▶ **Task statement**
Each line from the one containing "1990-04 Pumps in Grau" to the end of the material below is to be restated exactly, with pictures skipped.

▶ **Data provided**
____________

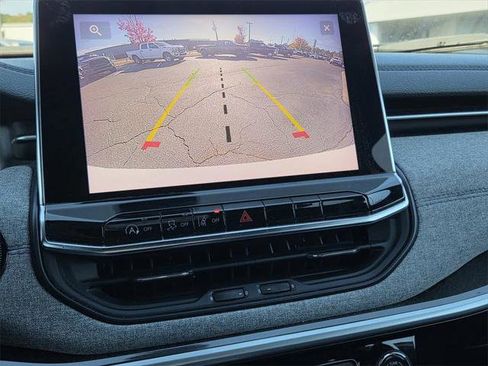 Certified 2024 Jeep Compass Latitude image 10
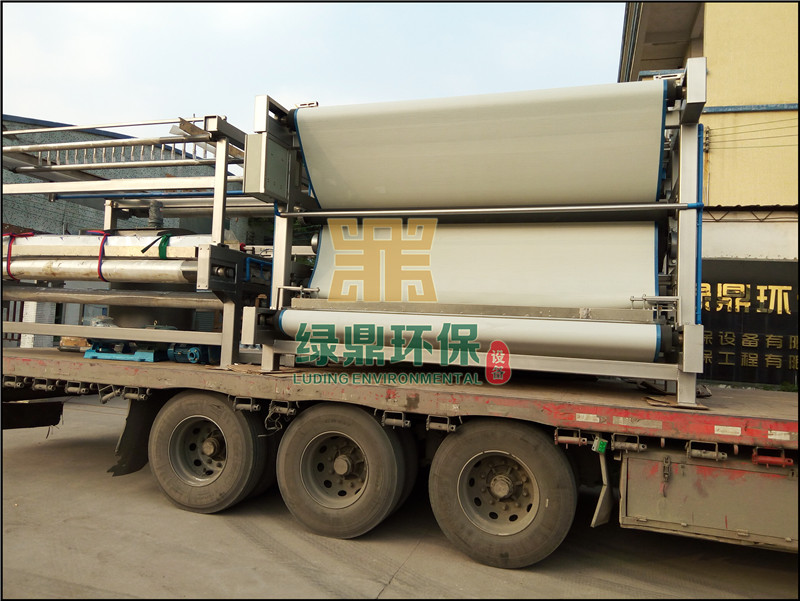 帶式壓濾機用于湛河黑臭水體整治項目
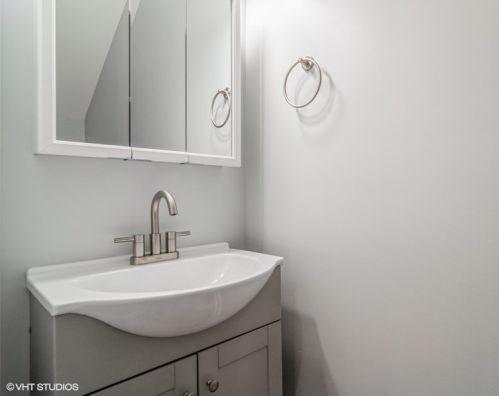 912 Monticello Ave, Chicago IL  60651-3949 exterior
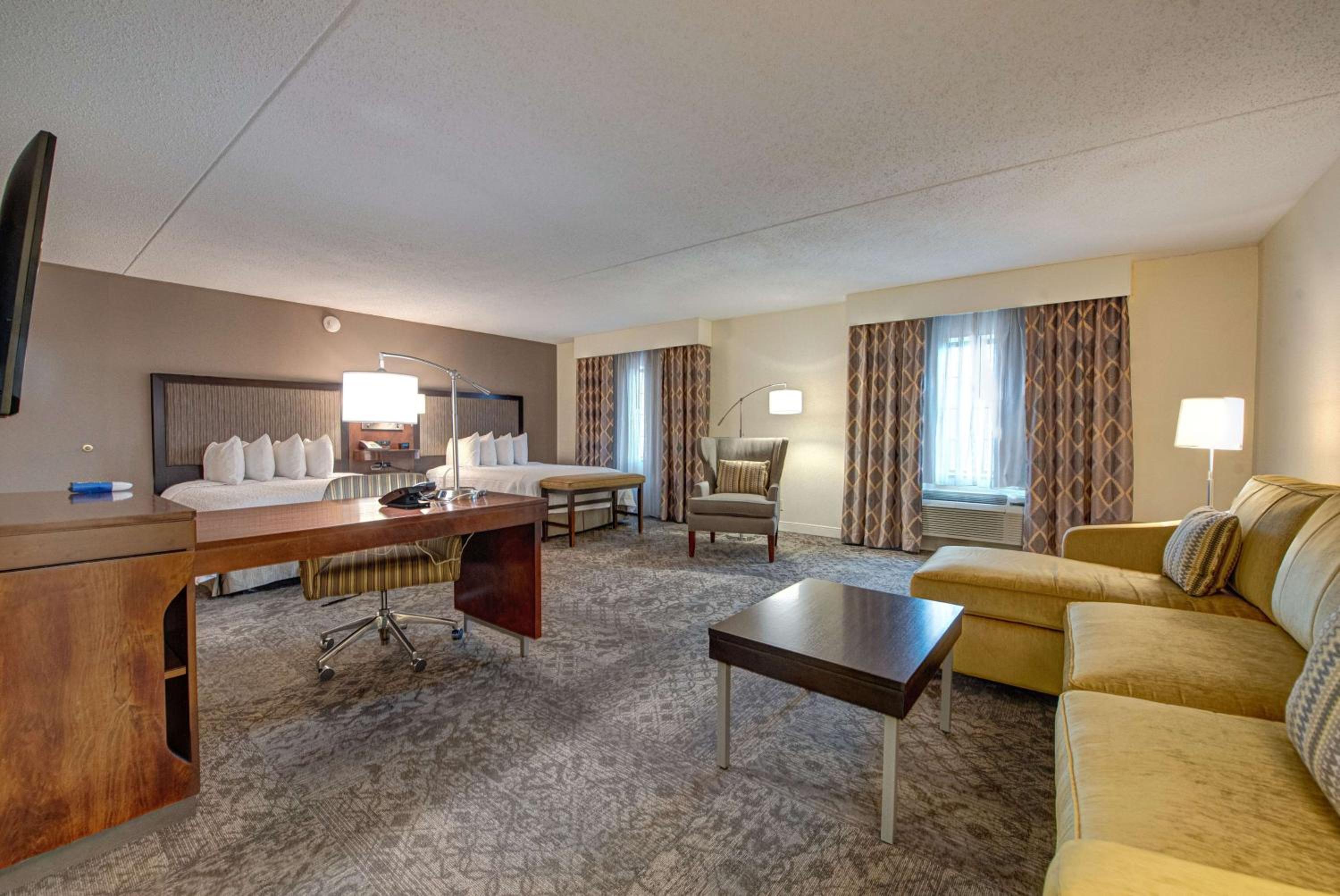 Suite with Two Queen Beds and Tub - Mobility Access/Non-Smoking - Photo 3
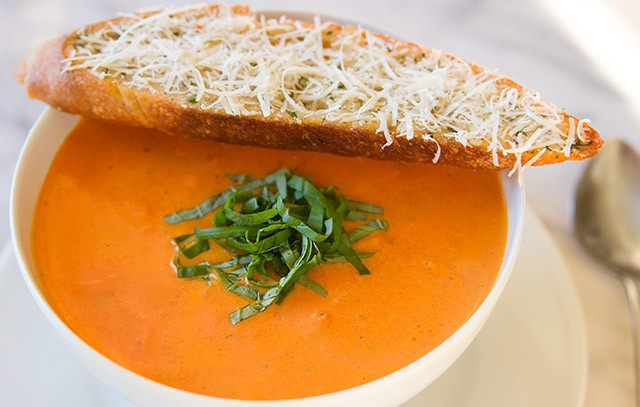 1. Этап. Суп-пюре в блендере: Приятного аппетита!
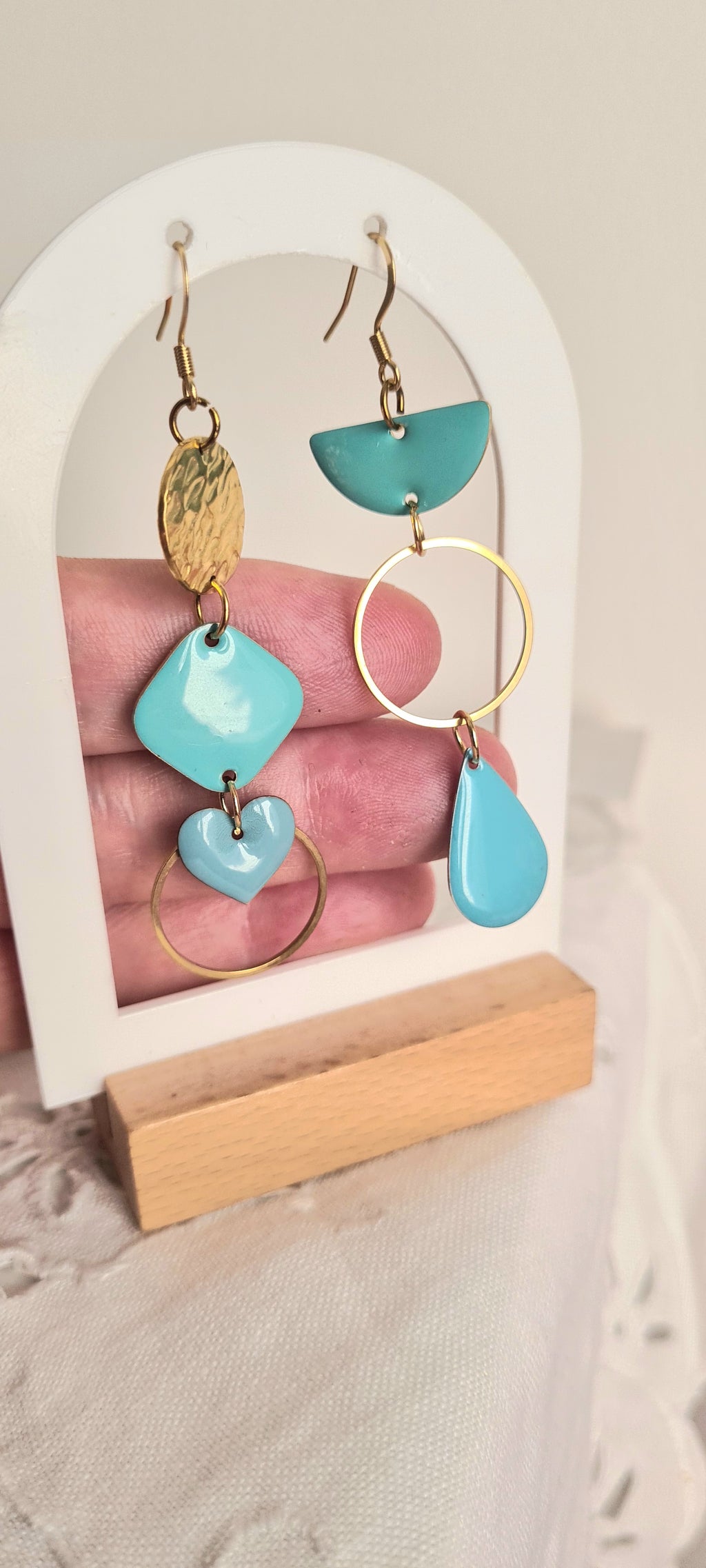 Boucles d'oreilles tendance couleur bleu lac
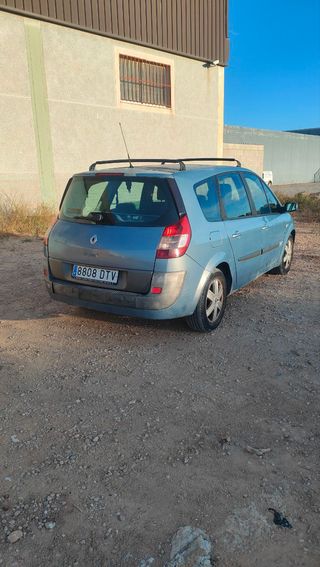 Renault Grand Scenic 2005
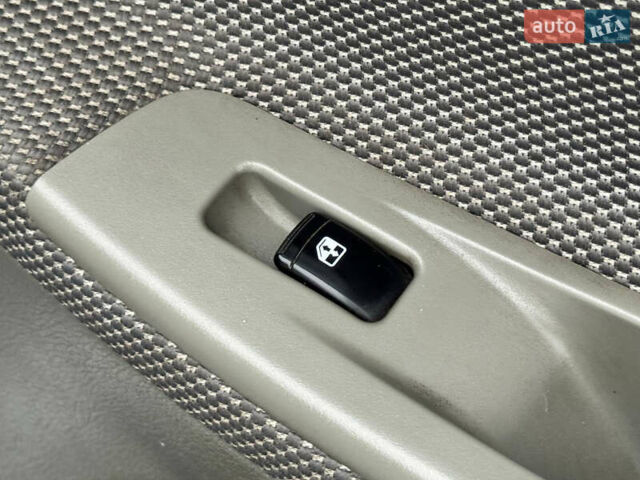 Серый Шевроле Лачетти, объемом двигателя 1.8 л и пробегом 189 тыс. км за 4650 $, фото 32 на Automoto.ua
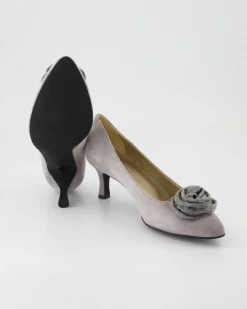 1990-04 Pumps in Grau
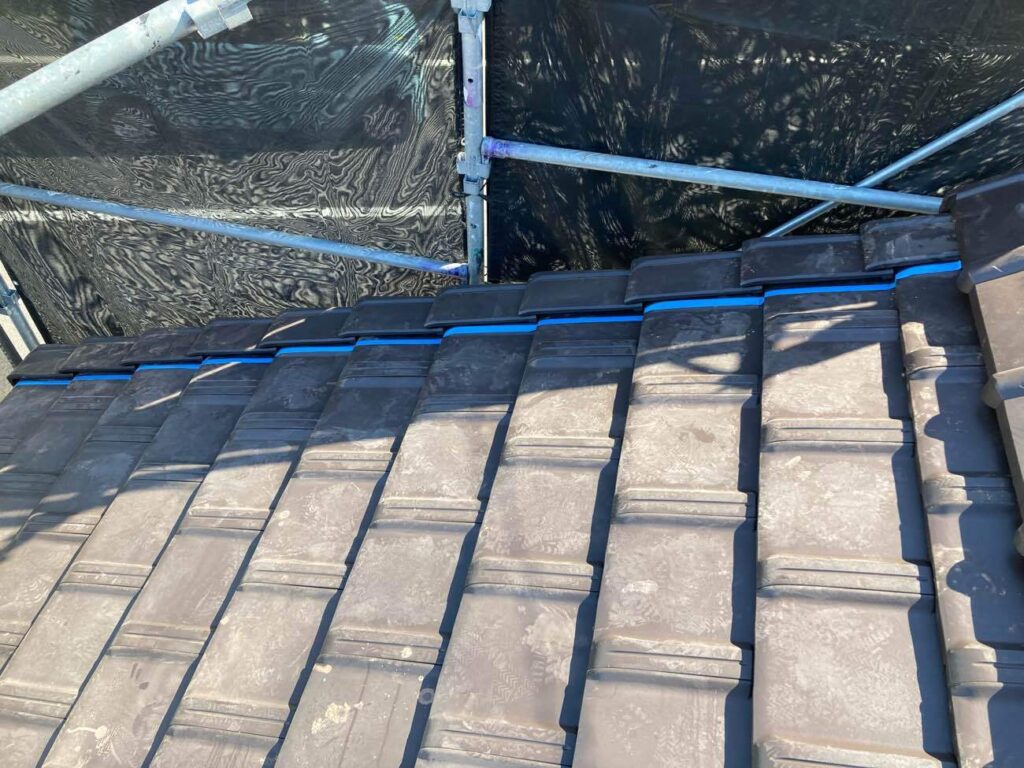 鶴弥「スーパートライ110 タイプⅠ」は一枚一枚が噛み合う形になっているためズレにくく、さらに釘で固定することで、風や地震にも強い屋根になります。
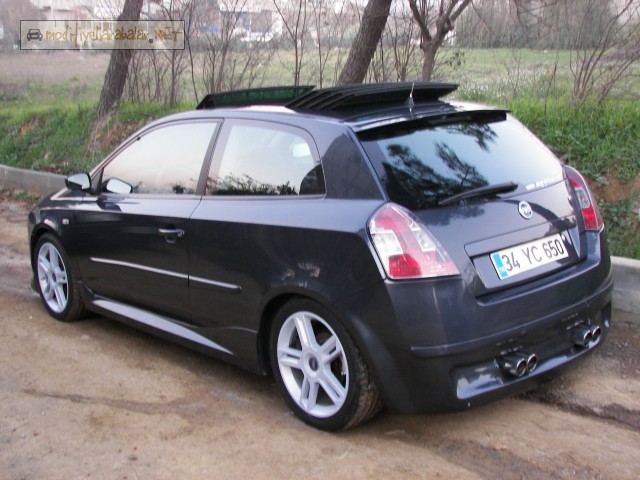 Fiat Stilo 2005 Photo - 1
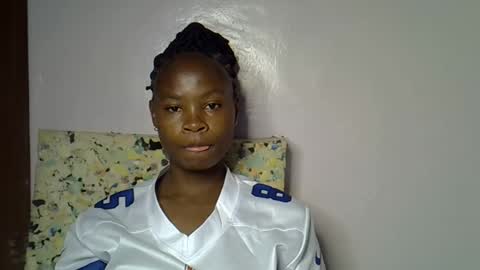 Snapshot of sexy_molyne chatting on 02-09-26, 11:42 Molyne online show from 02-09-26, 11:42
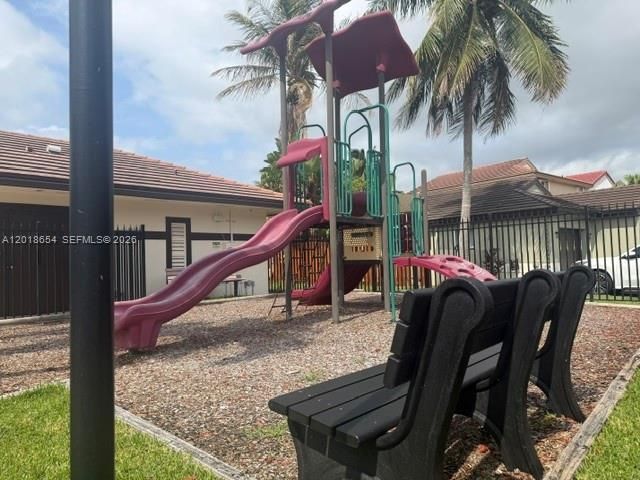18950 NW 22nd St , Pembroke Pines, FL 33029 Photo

____________

▶ **Finished exercise**
 1990-04 Pumps in Grau
 鶴弥「スーパートライ110 タイプⅠ」は一枚一枚が噛み合う形になっているためズレにくく、さらに釘で固定することで、風や地震にも強い屋根になります。
 Fiat Stilo 2005 Photo - 1
 Snapshot of sexy_molyne chatting on 02-09-26, 11:42 Molyne online show from 02-09-26, 11:42
18950 NW 22nd St , Pembroke Pines, FL 33029 Photo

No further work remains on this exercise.